Get ready for the new Hong Kong Companies Ordinance

January 16, 2014 | BY

clpstaff &clp articles &

Deacons

Lam Wing Wo, Partner,

The new Companies Ordinance will (except for a few provisions) come into effect on March 3 2014. Three important issues for businesses in Hong Kong to be aware of are: third party protection, use of the seal and changes in the rules for auditors.

Protection for persons dealing with a company

A company's powers will be limited by any limitation in its Articles of Association (the Memorandum of Association will be abolished). A shareholder may sue to restrain the company from acting in contravention of the limitation.

However, in favour of a person dealing with a company in good faith, the power of the directors to bind the company will be deemed to be free of the limitation.

The new Ordinance provides that mere knowledge that an act is beyond the directors' powers under the Articles of Association is not bad faith. Further, a third party is not obliged to inquire as to the limitations on the power of the company's directors to bind the company.

These may seem wide, but the protection actually afforded to a third party dealing with a company may be quite limited. Furthermore, even if the transaction is saved under the new Ordinance, the third party may incur liability at common law by reason of the directors exceeding their powers.

The protection will not apply if the parties to the transaction include an insider, like a director of the company or of its holding company, or an entity or a person connected with the director.

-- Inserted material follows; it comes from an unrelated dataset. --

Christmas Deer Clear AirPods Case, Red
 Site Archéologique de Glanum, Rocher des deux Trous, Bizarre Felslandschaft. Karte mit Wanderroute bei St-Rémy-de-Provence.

The new Ordinance suggests that the rights of a third party to the transaction are not affected, but at the same time it gives the court a wide power, on application by the company or the third party, to affirm, sever or set aside the transaction on any terms the court thinks just. Presumably, the rights of third parties are not intended to be adversely affected, but how this new power to sever or set aside will be exercised remains to be seen.

The protection will also not apply where the company is registered without “Limited” as the last word of its name, such as a charitable organisation.

Seal

Under the existing law, a deed needs to be executed by a company by affixing its seal. There was an argument that formalities, such as affixing a seal, served a cautionary, and thus useful, function. In practice, this formality seems to be merely cumbersome.

The new Ordinance provides that a company may have a common seal.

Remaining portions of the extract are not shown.